O roteiro do filme mostra como a vida de Truman foi transformada numa novela que está no ar desde o momento de seu nascimento e que é vista mundialmente. Truman ignora que sua vida é uma ficção planejada minuciosamente pelos criadores do programa, representados por Christof.

Uma tese sustentada pelo filme seria como a televisão invade inteiramente a subjetividade, confunde público e privado, aprisiona os sujeitos numa vida alienada, ditada pelos valores dos mercado, onde a felicidade está equacionada à posse de bens de consumo e a própria identidade pessoal se esfuma frente às identidades por ela fornecidadas, especialmente aquelas veiculadas pela publicidade, que forjam imagens de masculinidade ou feminilidade, de sucesso e triunfo, sempre caudatárias do consumo.

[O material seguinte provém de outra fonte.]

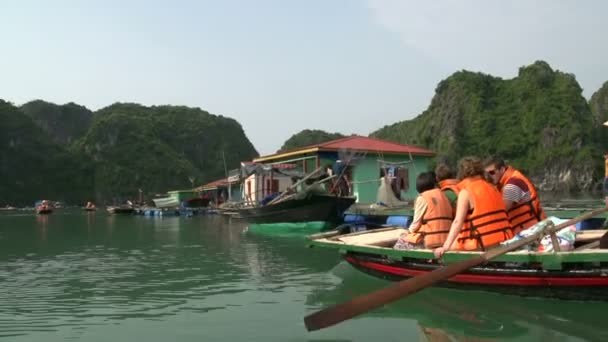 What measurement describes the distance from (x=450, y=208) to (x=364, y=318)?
7.53 feet

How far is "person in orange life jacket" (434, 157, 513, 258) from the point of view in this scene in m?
7.57

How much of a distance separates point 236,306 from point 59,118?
6543 inches

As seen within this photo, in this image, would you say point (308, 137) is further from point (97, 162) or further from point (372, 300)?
point (372, 300)

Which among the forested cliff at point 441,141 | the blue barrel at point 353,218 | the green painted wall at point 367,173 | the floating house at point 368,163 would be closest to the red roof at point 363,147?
the floating house at point 368,163

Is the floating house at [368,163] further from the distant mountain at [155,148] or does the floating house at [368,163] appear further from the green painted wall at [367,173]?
the distant mountain at [155,148]

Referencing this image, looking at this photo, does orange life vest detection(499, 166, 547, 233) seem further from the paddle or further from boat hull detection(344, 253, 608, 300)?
the paddle

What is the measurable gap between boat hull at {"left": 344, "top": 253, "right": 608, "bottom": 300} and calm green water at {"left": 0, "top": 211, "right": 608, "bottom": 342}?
0.12m

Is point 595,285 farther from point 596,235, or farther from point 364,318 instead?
point 364,318

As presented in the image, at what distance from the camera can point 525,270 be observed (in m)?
7.59

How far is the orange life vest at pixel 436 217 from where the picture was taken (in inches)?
340

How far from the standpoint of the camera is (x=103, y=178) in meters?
119

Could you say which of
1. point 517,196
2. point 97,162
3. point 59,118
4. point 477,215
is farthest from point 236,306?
point 59,118

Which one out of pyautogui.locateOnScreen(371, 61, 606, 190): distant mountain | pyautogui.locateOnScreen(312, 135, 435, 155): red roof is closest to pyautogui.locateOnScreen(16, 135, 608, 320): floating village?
pyautogui.locateOnScreen(312, 135, 435, 155): red roof

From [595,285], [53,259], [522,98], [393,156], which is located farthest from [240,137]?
[595,285] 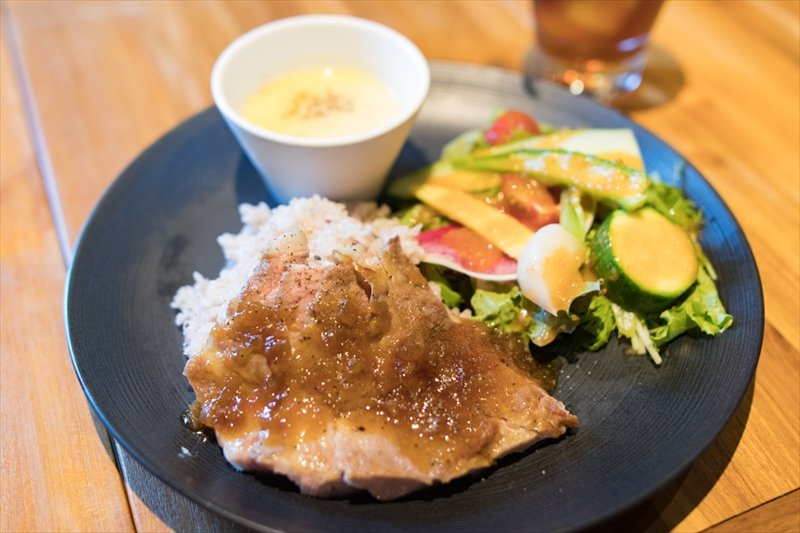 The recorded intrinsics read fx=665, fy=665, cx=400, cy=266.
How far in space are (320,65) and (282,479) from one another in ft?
7.10

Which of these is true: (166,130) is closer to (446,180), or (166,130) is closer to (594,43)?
(446,180)

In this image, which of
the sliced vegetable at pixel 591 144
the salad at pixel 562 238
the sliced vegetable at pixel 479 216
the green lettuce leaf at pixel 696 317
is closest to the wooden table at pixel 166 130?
the green lettuce leaf at pixel 696 317

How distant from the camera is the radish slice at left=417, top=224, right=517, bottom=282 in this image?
2.75 meters

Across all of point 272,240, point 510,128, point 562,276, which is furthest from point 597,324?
point 272,240

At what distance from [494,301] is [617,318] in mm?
480

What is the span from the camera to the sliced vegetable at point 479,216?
111 inches

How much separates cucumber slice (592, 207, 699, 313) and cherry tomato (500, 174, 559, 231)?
257 mm

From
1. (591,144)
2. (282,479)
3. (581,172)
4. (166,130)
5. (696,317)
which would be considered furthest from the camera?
(166,130)

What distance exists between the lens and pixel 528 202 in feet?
9.68

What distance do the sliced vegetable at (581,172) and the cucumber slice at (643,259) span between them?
0.33 feet

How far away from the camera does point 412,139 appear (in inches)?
137

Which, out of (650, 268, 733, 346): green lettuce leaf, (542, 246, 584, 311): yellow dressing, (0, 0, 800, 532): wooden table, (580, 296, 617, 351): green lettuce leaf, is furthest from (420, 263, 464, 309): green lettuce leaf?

Não há propriamente uma novidade nesta argumentação repetida à exaustão pelos teóricos dos meios de comunicação de massa. Sem negar a imensa importância que a TV exerce sobre todos o tempo todo, pensamos ter ela um papel menos onipotente do que aquele que habitualmente se lhe atribui. Neste sentido discordamos do de resto excelente trabalho apresentado por Jorge Ahumada (1998) na Sociedade Psicanalítica de São Paulo quando parece creditar ao uso deliberado das cenografias do nazismo e estalinismo veiculados pela TV o poder de engendrar tiranias.

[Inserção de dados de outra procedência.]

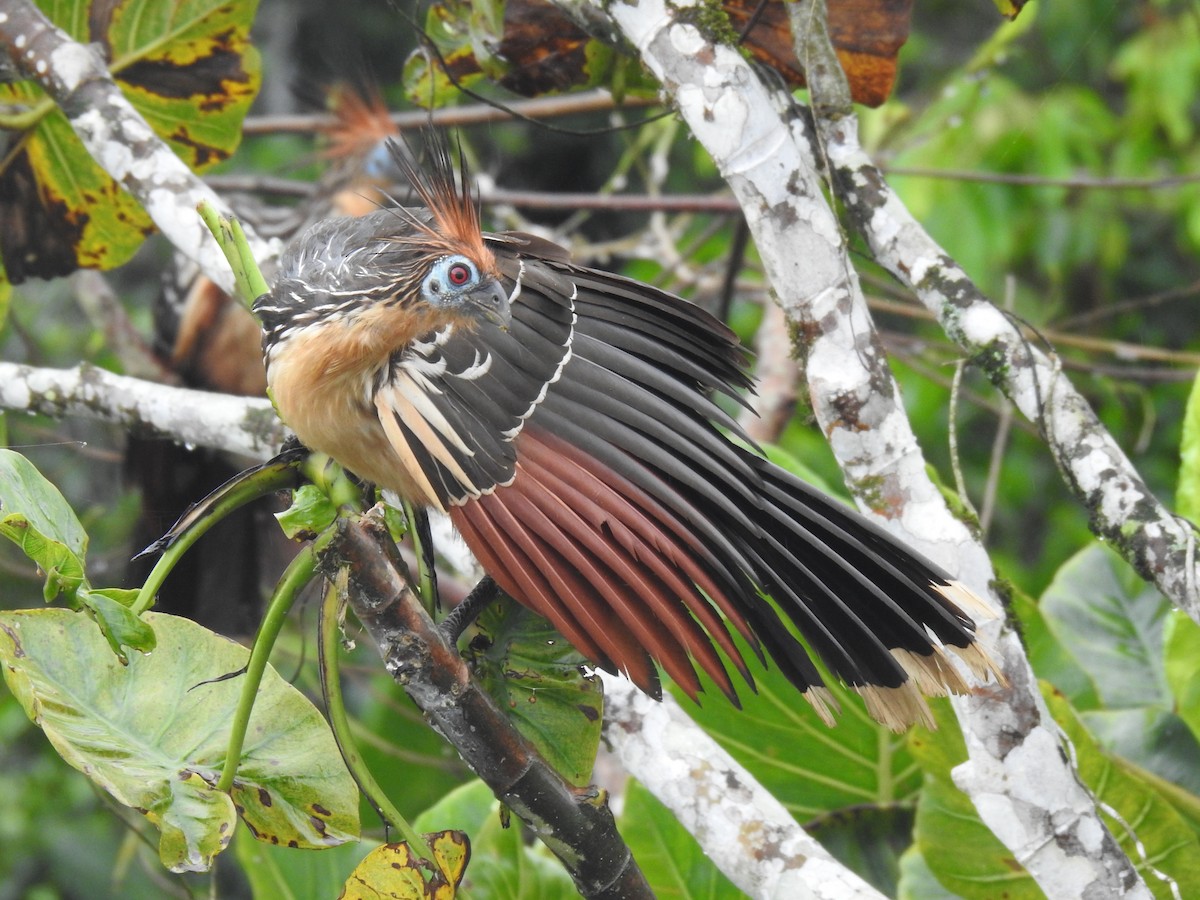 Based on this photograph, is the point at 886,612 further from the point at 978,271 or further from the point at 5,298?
the point at 978,271

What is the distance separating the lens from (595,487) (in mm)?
1016

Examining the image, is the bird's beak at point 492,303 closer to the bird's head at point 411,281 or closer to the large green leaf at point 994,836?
the bird's head at point 411,281

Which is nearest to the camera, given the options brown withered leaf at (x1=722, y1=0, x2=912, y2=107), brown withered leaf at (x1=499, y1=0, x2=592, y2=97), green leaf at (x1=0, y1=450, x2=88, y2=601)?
green leaf at (x1=0, y1=450, x2=88, y2=601)

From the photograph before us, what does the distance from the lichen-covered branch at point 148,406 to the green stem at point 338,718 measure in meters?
0.54

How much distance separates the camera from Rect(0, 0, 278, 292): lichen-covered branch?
56.3 inches

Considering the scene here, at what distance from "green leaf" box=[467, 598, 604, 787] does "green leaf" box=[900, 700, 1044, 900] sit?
0.48 m

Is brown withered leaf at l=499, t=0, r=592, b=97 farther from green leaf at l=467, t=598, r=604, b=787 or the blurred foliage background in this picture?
the blurred foliage background

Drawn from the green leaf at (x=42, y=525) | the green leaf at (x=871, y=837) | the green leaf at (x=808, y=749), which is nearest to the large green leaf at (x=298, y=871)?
the green leaf at (x=808, y=749)

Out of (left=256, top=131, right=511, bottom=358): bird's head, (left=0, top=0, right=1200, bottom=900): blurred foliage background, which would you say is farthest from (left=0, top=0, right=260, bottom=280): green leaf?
(left=256, top=131, right=511, bottom=358): bird's head

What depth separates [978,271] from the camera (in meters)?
3.00

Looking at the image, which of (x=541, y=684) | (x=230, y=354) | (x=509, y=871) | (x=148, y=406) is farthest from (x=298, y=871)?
(x=230, y=354)

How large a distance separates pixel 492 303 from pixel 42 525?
42cm

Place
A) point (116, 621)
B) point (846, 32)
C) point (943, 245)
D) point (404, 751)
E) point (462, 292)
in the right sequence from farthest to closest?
point (943, 245) < point (404, 751) < point (846, 32) < point (462, 292) < point (116, 621)

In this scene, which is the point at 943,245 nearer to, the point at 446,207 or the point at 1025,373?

A TV é expressão de uma formação sócio-econômico-psicológica que se destaca por privilegiar a superficialidade e evitar as dores do pensamento, formação cultural que fornece muito mais tempo de Rambo que de Bouillon de Culture.

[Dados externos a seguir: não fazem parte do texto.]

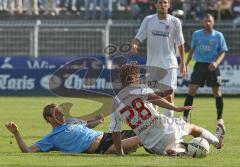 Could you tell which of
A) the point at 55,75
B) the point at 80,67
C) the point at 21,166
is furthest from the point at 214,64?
the point at 55,75

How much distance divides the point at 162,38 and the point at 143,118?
3.96 metres

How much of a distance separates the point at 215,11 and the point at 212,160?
905 inches

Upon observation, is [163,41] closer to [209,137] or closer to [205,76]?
[205,76]

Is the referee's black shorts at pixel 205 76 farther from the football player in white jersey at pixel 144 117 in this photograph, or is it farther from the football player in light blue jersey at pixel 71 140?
the football player in white jersey at pixel 144 117

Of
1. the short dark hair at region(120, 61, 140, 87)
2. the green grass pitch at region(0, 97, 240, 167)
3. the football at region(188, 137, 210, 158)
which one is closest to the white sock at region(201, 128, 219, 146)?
the green grass pitch at region(0, 97, 240, 167)

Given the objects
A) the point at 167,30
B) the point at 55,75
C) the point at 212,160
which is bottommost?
the point at 55,75

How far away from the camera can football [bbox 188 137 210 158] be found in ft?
39.3

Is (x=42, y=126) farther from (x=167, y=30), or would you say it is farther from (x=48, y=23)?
(x=48, y=23)

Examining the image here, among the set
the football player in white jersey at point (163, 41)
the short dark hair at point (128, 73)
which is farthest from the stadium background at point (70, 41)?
the short dark hair at point (128, 73)

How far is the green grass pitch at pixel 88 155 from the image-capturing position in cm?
1134

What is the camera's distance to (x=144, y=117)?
38.8 ft

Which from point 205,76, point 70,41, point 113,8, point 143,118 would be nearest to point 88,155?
point 143,118

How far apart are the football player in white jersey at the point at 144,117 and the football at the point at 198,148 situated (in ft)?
0.65

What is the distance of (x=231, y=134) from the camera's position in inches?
633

A forma como a psicanálise compreende a constituição do sujeito, baseada em identificações com os objetos primários (pai, mãe) de certa forma afasta a mídia como um fator estrutural consitutivo no ser humano, como alguns autores equivocadamente tentam estabelecer.

Um exemplo disto pode ser encontrado na sempre presente e legítima preocupação dos pais quanto aos malefícios que a televisão pode provocar em seus filhos, pois seria ela um perigoso fator instigador da violência, da agressividade, da sexualidade mal dirigida, etc.

Parece-nos que a questão fica incompletamente formulada, pois não leva em conta o fato de que as crianças não estão expostas apenas à televisão. Afinal, antes da TV elas estão expostas a uma influência extremamente mais importante, definitiva e constitutiva que é aquela trazida pelos próprios pais, cujas imagens vão servir de polos identificatórios para as crianças, cujas atitudes e desejos conscientes e inconscientes vão plasmar o clima onde a criança está totalmente imersa e receptiva.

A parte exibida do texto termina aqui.